- Opening Delimiter -

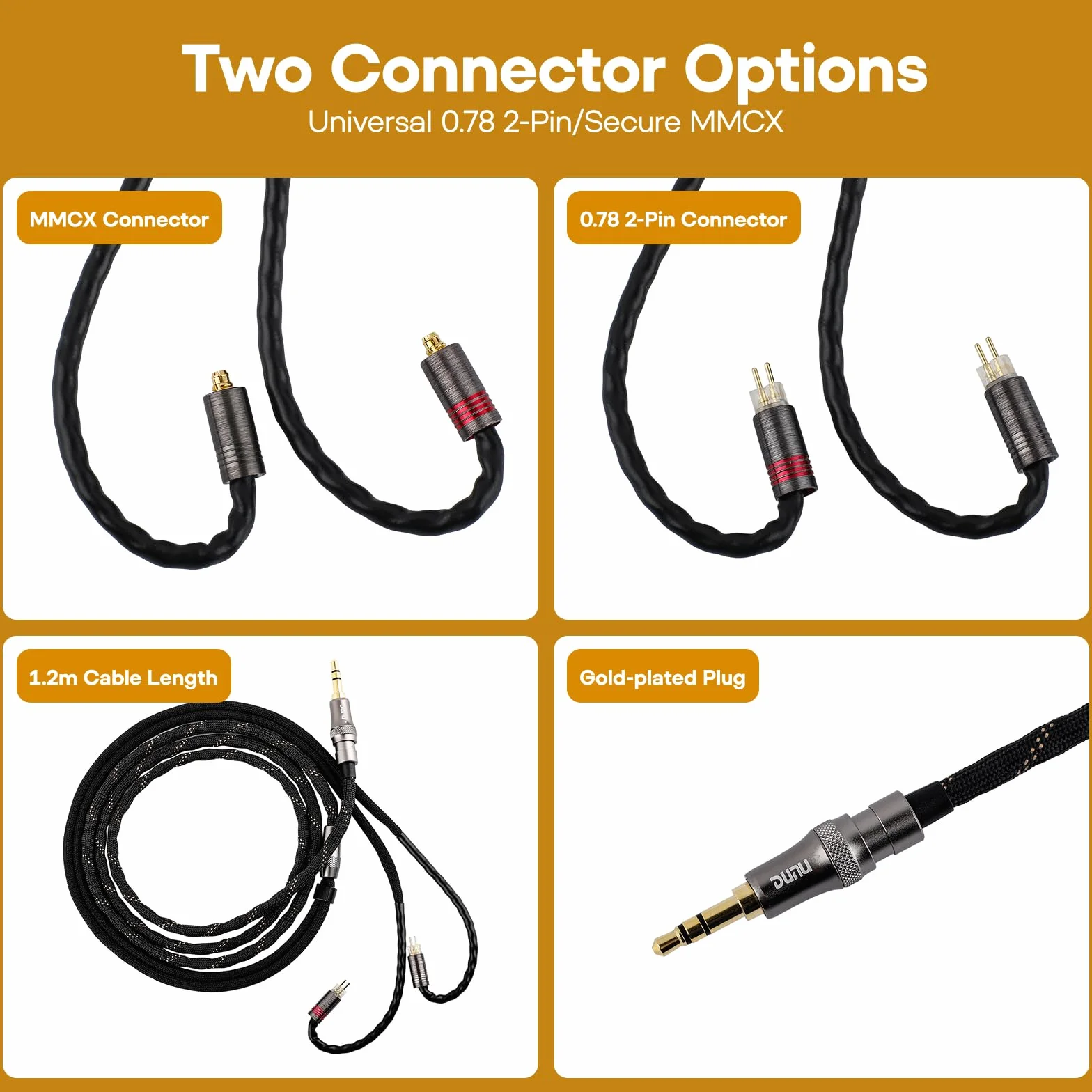 Linsoul DUNU Lyre Mini 24AWG 240-żyłowy, wysokiej czystości, OCC, ulepszony kabel do słuchawek audio HiFi z systemem mini wtyczek Q-Lock, dla muzyków audiofilskich (MMCX)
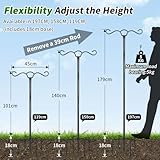 Bird Feeders Hanging Station Stand, 197cm Free Standing Feeding Poles Hangers for Garden Metal Heavy Duty Double Shephreds Crook Hook for Lanterns, Light, Wild Bird Feeder, 1 Pack - Image 2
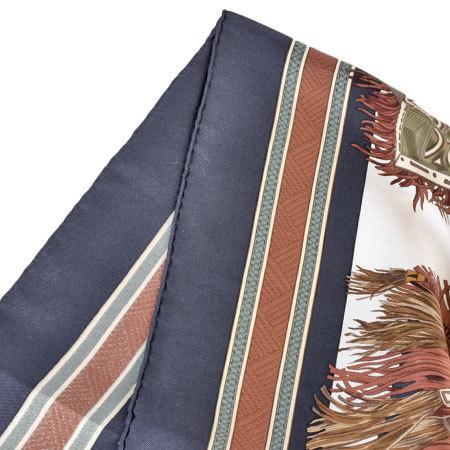 HERMES エルメス カレ90 シルクスカーフ 砂漠の革飾り CUIRS DU
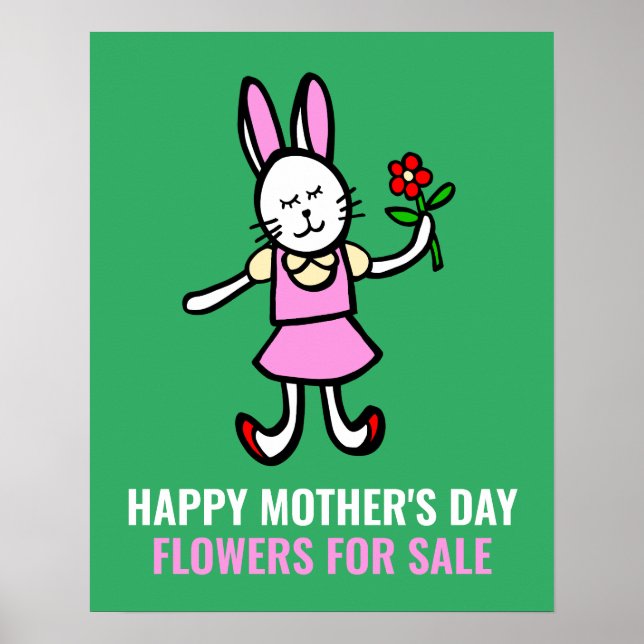 Póster Letrero de flores en venta, venta personalizada de (Frente)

- Closing Delimiter -

## Instructions for the task
An exact copy of every line above is needed, without the images.

## Reply to the task
 Linsoul DUNU Lyre Mini 24AWG 240-żyłowy, wysokiej czystości, OCC, ulepszony kabel do słuchawek audio HiFi z systemem mini wtyczek Q-Lock, dla muzyków audiofilskich (MMCX)
 Bird Feeders Hanging Station Stand, 197cm Free Standing Feeding Poles Hangers for Garden Metal Heavy Duty Double Shephreds Crook Hook for Lanterns, Light, Wild Bird Feeder, 1 Pack - Image 2
 HERMES エルメス カレ90 シルクスカーフ 砂漠の革飾り CUIRS DU
 Póster Letrero de flores en venta, venta personalizada de (Frente)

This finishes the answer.